Limbah Makanan Lebih Ekstrem daripada Asap Kendaraan

Ilustrasi Tempat Pembuangan Akhir (unsplash.com/Tom Fisk)

Pernahkah berpikir kemana makanan yang dibuang ke tempat sampah berakhir? Jawabannya pasti ke tempat pembuangan akhir (TPA). Tetapi itu bukan tahap terakhir dari masa hidup limbah makanan.

Kalau kendaraan bermotor menghasilkan karbon monoksida yang berkontribusi terhadap gas rumah kaca, limbah makanan jauh lebih parah. Dalam artikel Sampah dan Hubungannya Terhadap Emisi Gas Rumah Kaca yang terbit pada 28 Februari 2020, limbah makanan yang tertimbun akan mengalami pembusukan akibat tidak terekspos oksigen.

Ini menciptakan lingkungan yang bagus bagi bakteri anaerob. Namun di sisi lain, bakteri anaerob memproduksi gas metana. U.S. Department of Agriculture menyebutkan bahwa metana adalah gas rumah kaca yang lebih kuat dibandingkan karbon monoksida.

Alternatif Buang Makanan ke Tempat Sampah

Ilustrasi Membuat Kompos (unsplash.com/Lenka Dzurendova)

WorldWildLife.com menyebutkan setidaknya 6%-8% gas emisi rumah kaca bisa berkurang jika berhenti buang makanan yang masih bagus. Alih-alih membuang makanan ke tempat sampah, kamu bisa melakukan alternatif ini:

1. Ubah Jadi Kompos
Kompos yang terbuat dari limbah makanan penuh dengan nutrisi bagus untuk meningkatkan kualitas tanah. Membuat kompos juga tidaklah sulit, cukup gunakan ember dengan tutup atau karung. Limbah makanan yang cocok dijadikan kompos di antaranya buah-buahan, sayur-sayuran, hingga biji-bijian. Daging atau produk susu tidak bisa dijadikan kompos.

2. Tambahan Pakan Ternak
Alternatif lainnya adalah menggunakan limbah makanan sebagai tambahan pakan ternak. Kalau tidak memiliki hewan ternak, tak ada salahnya memberikan limbah makanan tersebut ke peternak terdekat. Biasanya kambing, sapi, dan kerbau diberi limbah makanan untuk meningkatkan nutrisi yang dikonsumsi.

3. Buat Eco-Enzyme
Eco-enzyme sering dijadikan solusi praktis olah limbah makanan dan sampah organik. Kamu bisa menggunakan sayur atau buah, sebagai bahan dasarnya. Menurut waste4change.com, eco-enzyme dapat digunakan sebagai pupuk tanaman, cairan pel, sabun pembersih alat dapur, hingga pembasmi hama alami.

Sekarang Harus Apa?

Ilustrasi Belanja Makanan (unsplash.com/Liuba Bilyk)

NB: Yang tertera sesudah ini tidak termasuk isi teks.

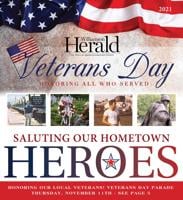 Special Section – Saluting Our Hometown Heroes 2021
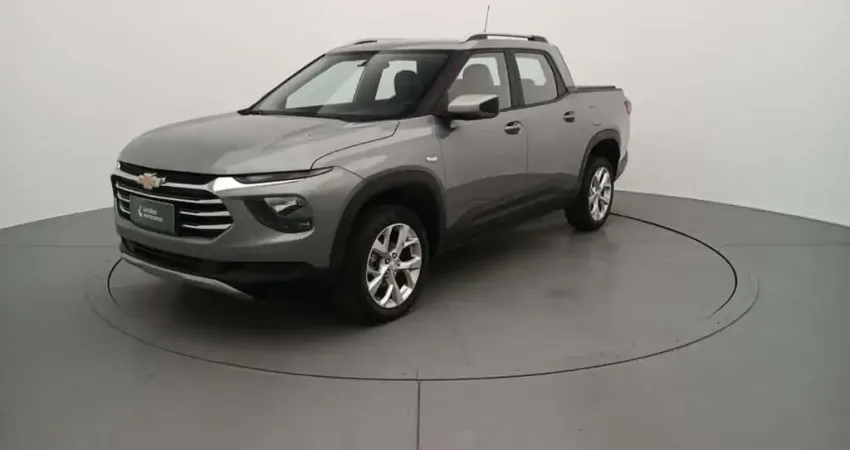 Chevrolet Montana 2024 1.2 turbo flex ltz automático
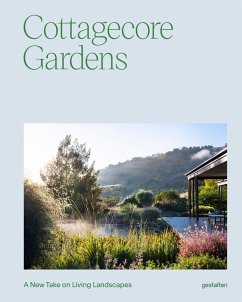 Cover Cottagecore Gardens
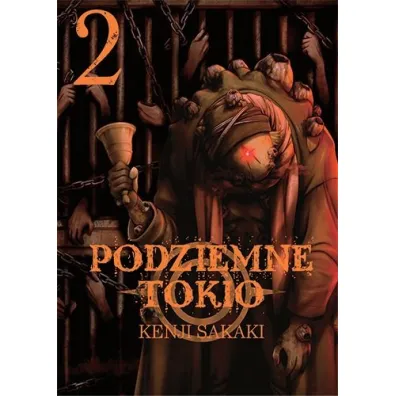 Podziemne Tokio. Tom 2 - Kenji Sakaki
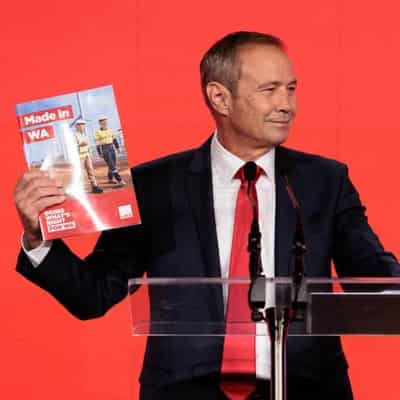 'Nerves high' as Labor closes in on state poll victory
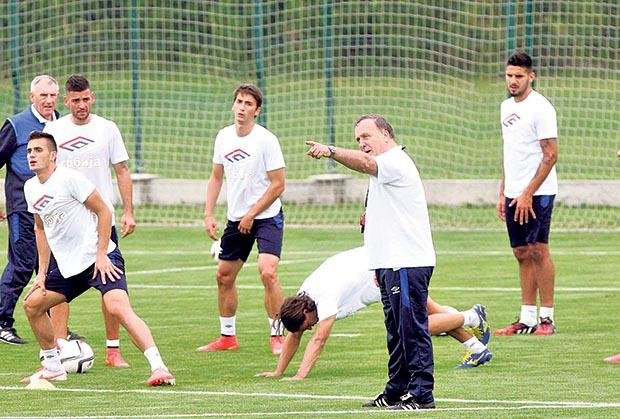 BIVŠI SELEKTOR SRBIJE IDE NA MUNDIJAL! Preuzima reprezentaciju o kojoj bruji svet...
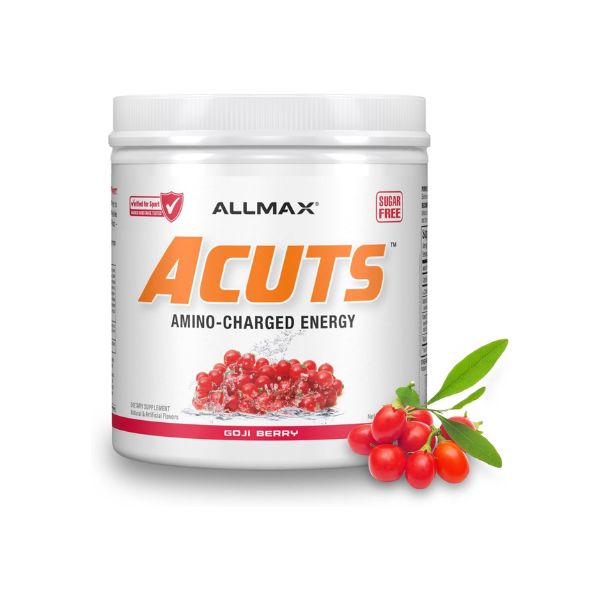 ALLMAX Nutrition A AminoCuts Goji Berry Martini 210g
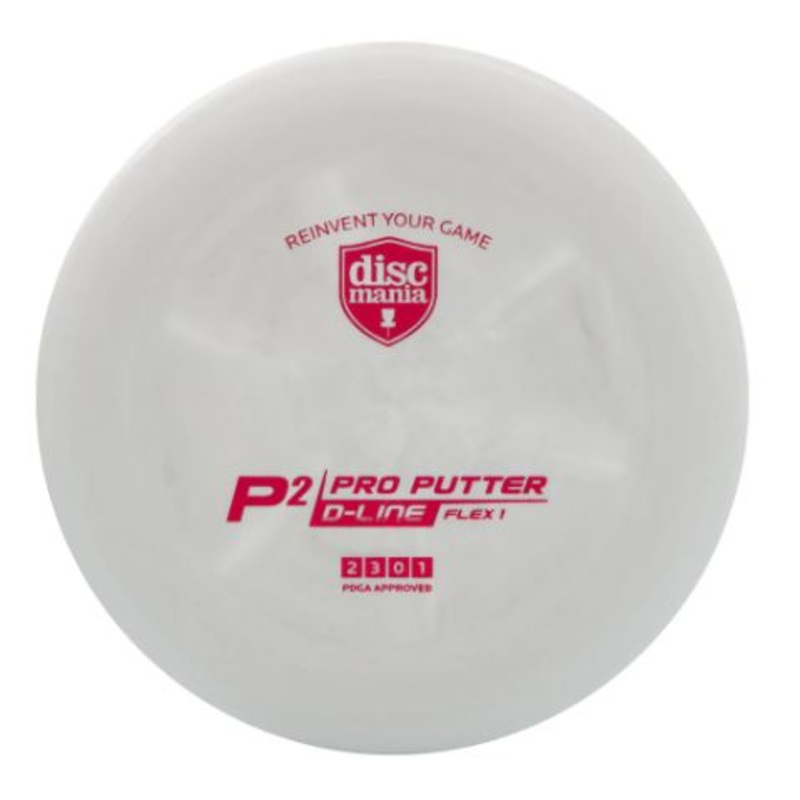 Discmania Originals D-Line P2 Mini Sky God Stamp Special Edition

Pencegahan selalu lebih efektif untuk mencegah limbah makanan. Mulai sekarang, cobalah belanja secara realistis. Jangan membeli makanan terlalu banyak karena lapar mata, daripada akhirnya hanya terbuang tidak dimakan. Usahakan belanja dengan perut kenyang biar tidak mudah tergoda dengan makanan di toko.

Memang membuang nasi karena kekenyangan terkesan sepele, tetapi ingat pepatah sedikit-sedikit lama-lama menjadi bukit. Dengan mengurangi kebiasaan buang makanan, secara tidak langsung kamu ikut menyelamatkan planet dengan mengurangi gas rumah kaca. Pastinya anak dan cucumu akan berterima kasih!